First Post! Seattle Vision Day

October, 2013
I would like to start off this blog by talking about a very inspiring conference that I had the opportunity to attend last weekend. I was invited to attend Whole Foods Vision Day in Seattle to discuss and learn about the long-term vision of the company as it expands throughout the PNW. While I could go on about what it’s like to work for a company that sponsors events like this or how my work will be effected by what I learned, what I would like to focus on are the guest speakers the event and how they effected me personally and how I interact with food in an urban setting.

While there were a wide range of speakers including the founder and CEO of Pacific Foods, micro-loan project leaders from Africa, and the leader of a store located in downtown Detroit that is part of the new Whole City Foundation, there was one who stood out to me in particular. Chef Ann Couper, aka The Renegade Lunch Lady, once spent her time “bumming” around ski slopes and moving from job to job to becoming an internationally renowned Chef was incredibly inspiring.
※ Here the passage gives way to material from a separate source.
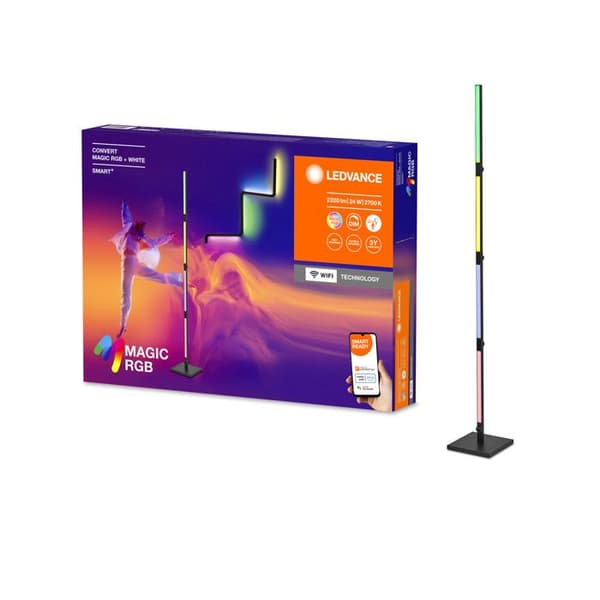 Lampadaire LEDVANCE SMART+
Her most prominent message about this part of her life was that it does not matter where you came from or how little experience you have, as long as you are driven by something you truly believe in anything as possible. As corny as that sounds, she was not alone in this respect. Multiple speakers had founded their companies or non-profit organizations on their vision, personal drive, and, not much else. It really spoke to me regarding the impact that an individual can have on the world regardless of any seemingly insurmountable boundaries.

After becoming a respected chef, Chef Ann’s primary goal was to re-evaluate the diet of schoolchildren. After having success working with a private elementary school to redesign school meals with a greater emphasis on nutrition, she set out to fight for a paradigm shift for school lunches. As someone who grew up eating things like ‘fruit’ cups and greasy pizza in public school, I can definitely see the value in encouraging healthy eating by having a salad bar. Through her work, Chef Ann has encouraged healthy eating and granted nearly 3000 salad bars to schools across the US through information databases like The Lunchbox and the Salad Bars 2 Schools organization.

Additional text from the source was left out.